Crawled caption data:
━━━━━━━━━━━━━━━━━━━━
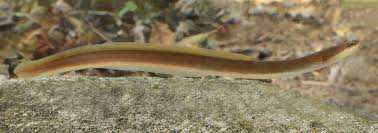 Image result for Anguilla rostrata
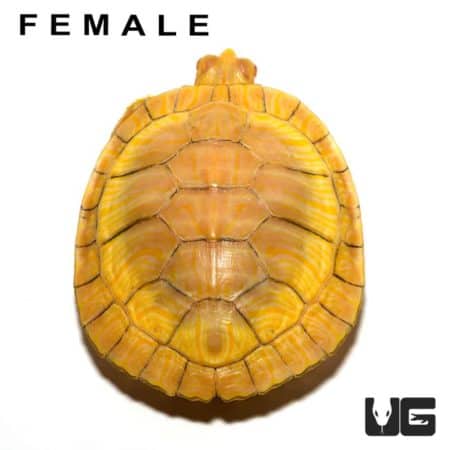 Juvenile Albino Red Ear Slider Turtles For Sale - Underground Reptiles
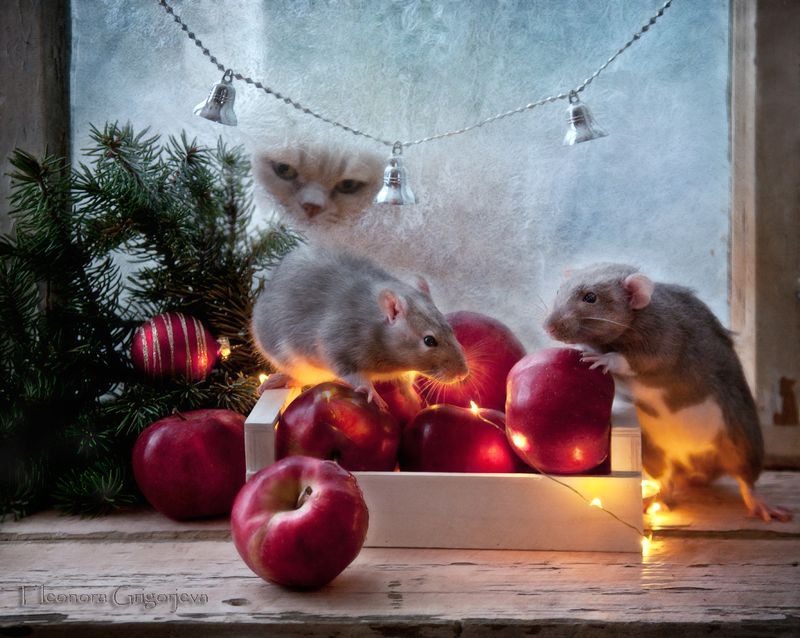 С Новым годом! фото превью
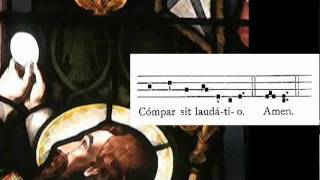 Tantum Ergo Sacramentum [upl. by Aural228]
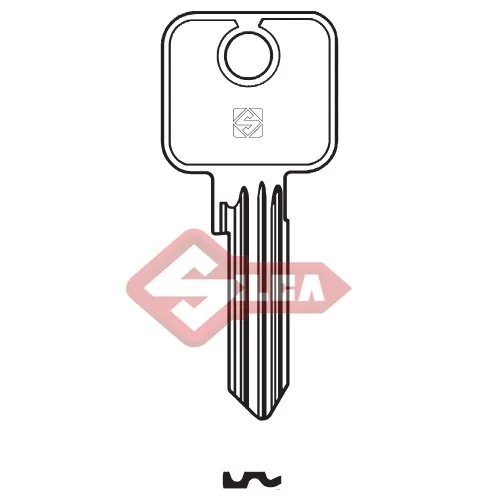 CS46R  L:YT15R,NAB1R,TN2R
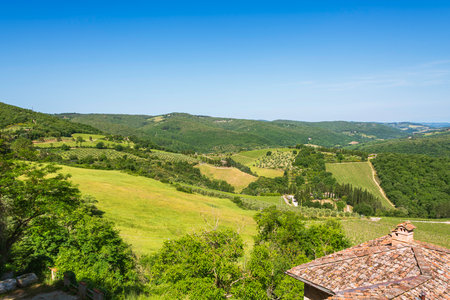 Meadows, Vineyards And Olive Plantations Are Common In The Chianti Regionの写真素材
━━━━━━━━━━━━━━━━━━━━
Return every record exactly, minus the pictures.

 Image result for Anguilla rostrata
 Juvenile Albino Red Ear Slider Turtles For Sale - Underground Reptiles
 С Новым годом! фото превью
 Tantum Ergo Sacramentum [upl. by Aural228]
 CS46R  L:YT15R,NAB1R,TN2R
 Meadows, Vineyards And Olive Plantations Are Common In The Chianti Regionの写真素材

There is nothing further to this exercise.